## WHAT THE TASK ASKS
Return the data below exactly, but only from the line containing "Chinese Oriental Dark" through the line containing "ALVABABY Newborn Cloth", with both of those lines included.

## INFORMATION PROVIDED
========================

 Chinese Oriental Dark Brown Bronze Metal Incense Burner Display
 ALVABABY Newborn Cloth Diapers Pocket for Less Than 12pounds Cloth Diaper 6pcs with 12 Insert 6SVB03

========================

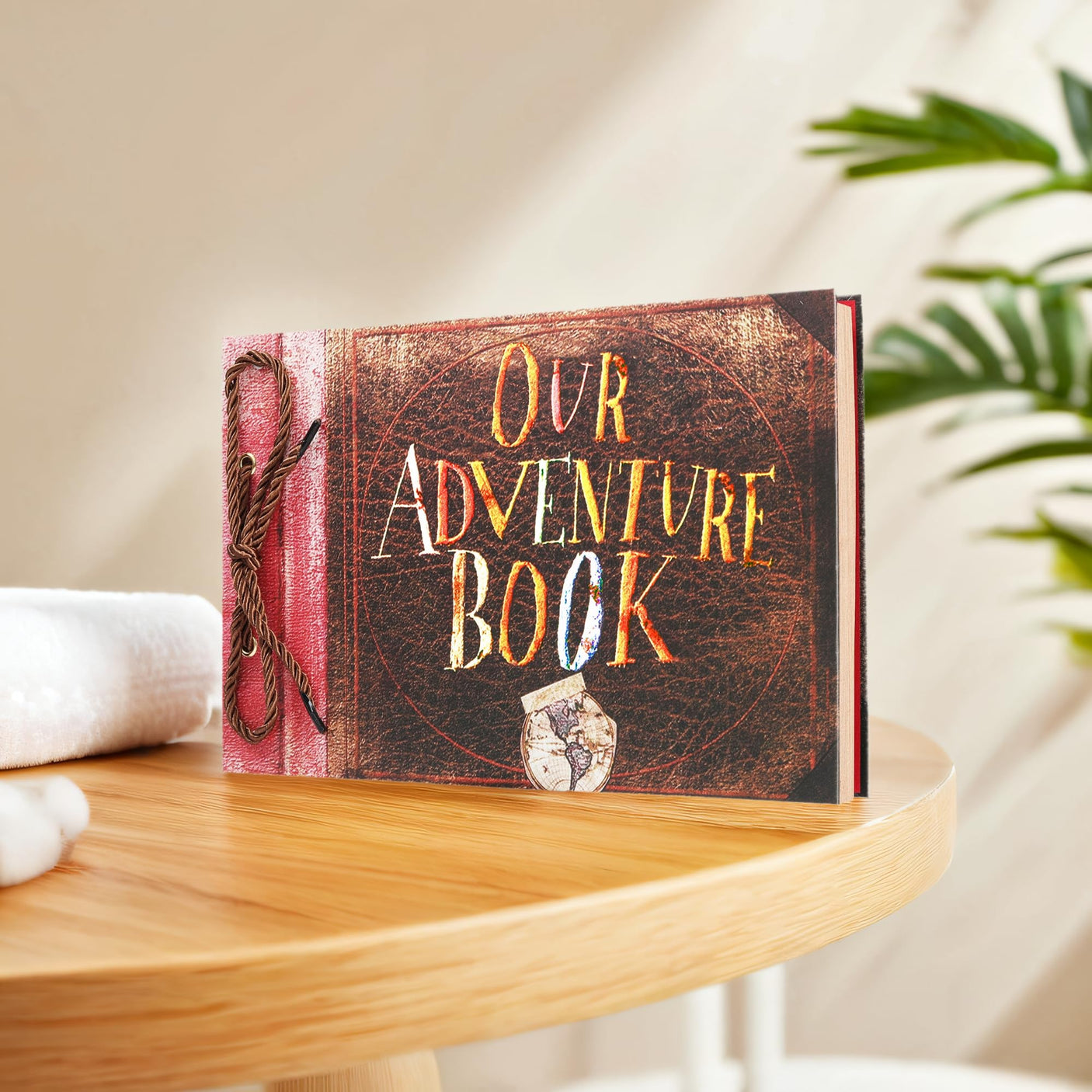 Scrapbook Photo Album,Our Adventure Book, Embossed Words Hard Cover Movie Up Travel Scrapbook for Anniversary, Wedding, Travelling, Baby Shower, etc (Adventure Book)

========================

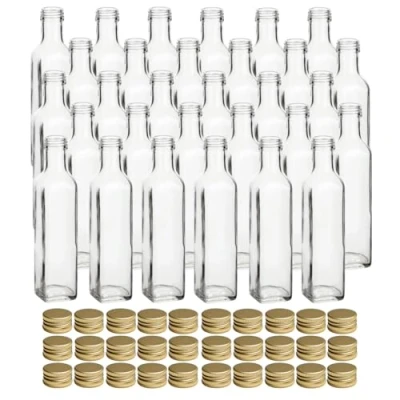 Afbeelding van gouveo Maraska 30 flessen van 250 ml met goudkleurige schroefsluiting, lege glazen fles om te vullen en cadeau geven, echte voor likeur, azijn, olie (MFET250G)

========================

## WRITTEN SOLUTION
 Chinese Oriental Dark Brown Bronze Metal Incense Burner Display
 ALVABABY Newborn Cloth Diapers Pocket for Less Than 12pounds Cloth Diaper 6pcs with 12 Insert 6SVB03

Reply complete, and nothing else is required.